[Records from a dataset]
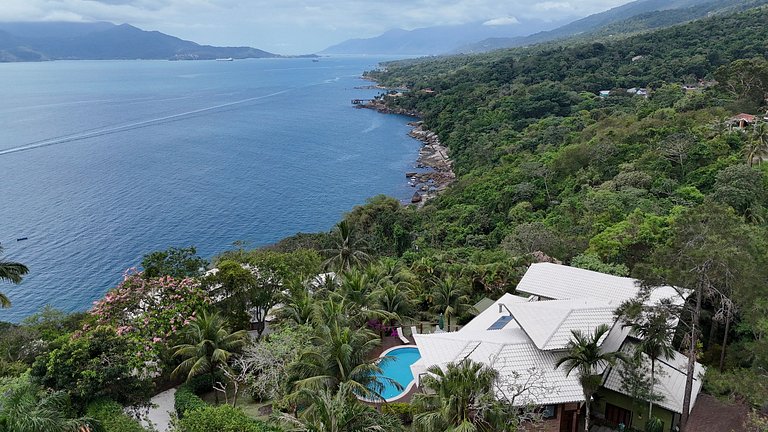 Refúgio, vista mar, piscina e churrasqueira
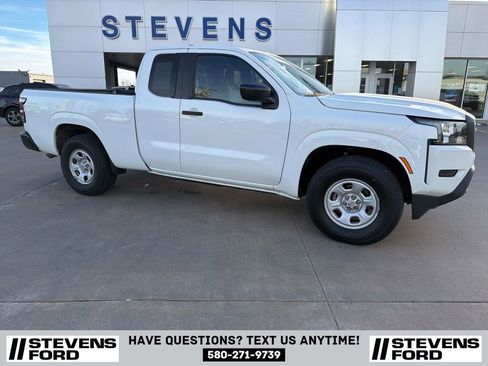 Used 2023 Nissan Frontier S image 2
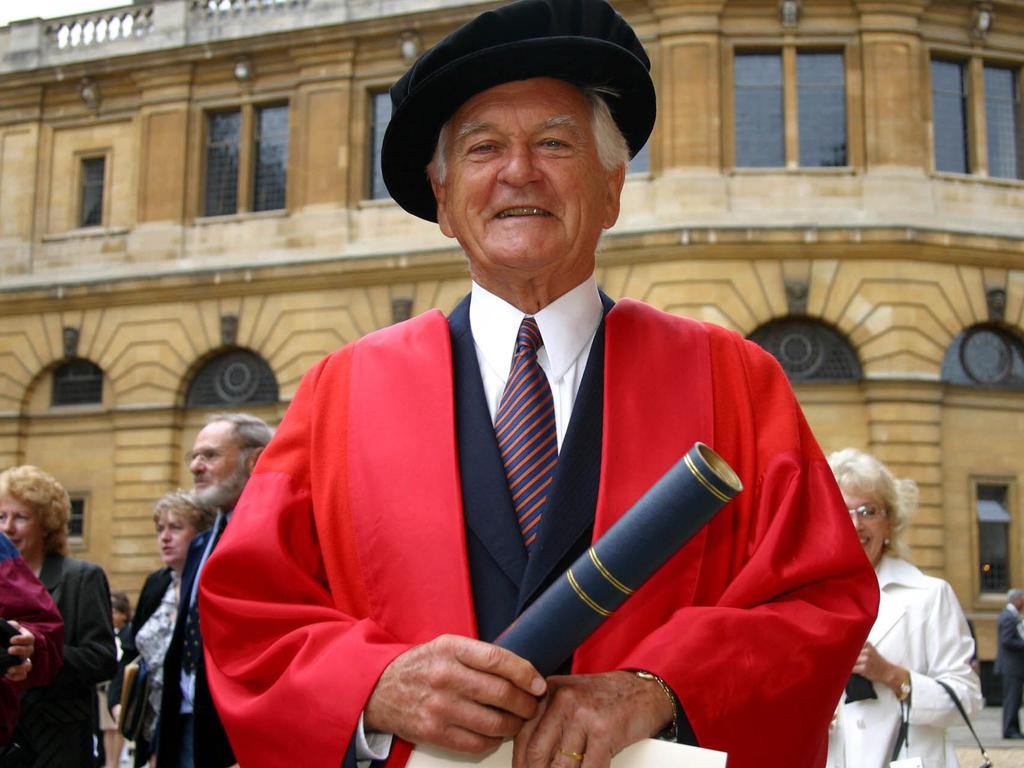 Bob Hawke’s larrikin uni beer record: True story revealed | Daily Telegraph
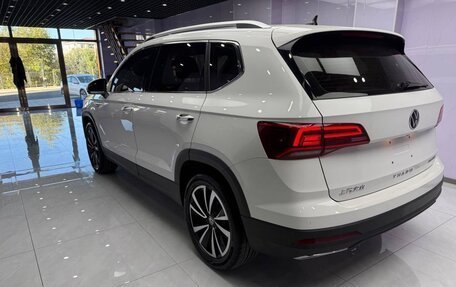 Volkswagen Tiguan II, 2021 год, 1 892 853 рублей, 4 фотография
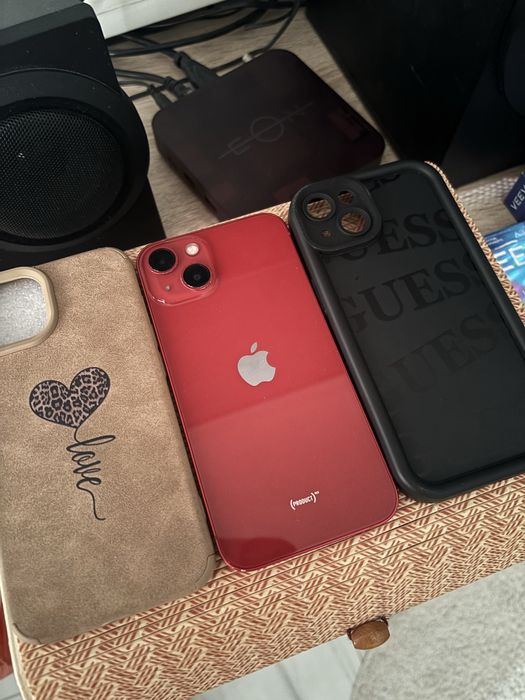 I phone 13-червен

*EXERCISE DETAILS:* Please retype, exactly and with the pictures left out, the lines from the line containing "Used 2023 Nissan Frontier S image 2" through the last line of the records above.

*EXPECTED ANSWER:*
 Used 2023 Nissan Frontier S image 2
 Bob Hawke’s larrikin uni beer record: True story revealed | Daily Telegraph
 Volkswagen Tiguan II, 2021 год, 1 892 853 рублей, 4 фотография
 I phone 13-червен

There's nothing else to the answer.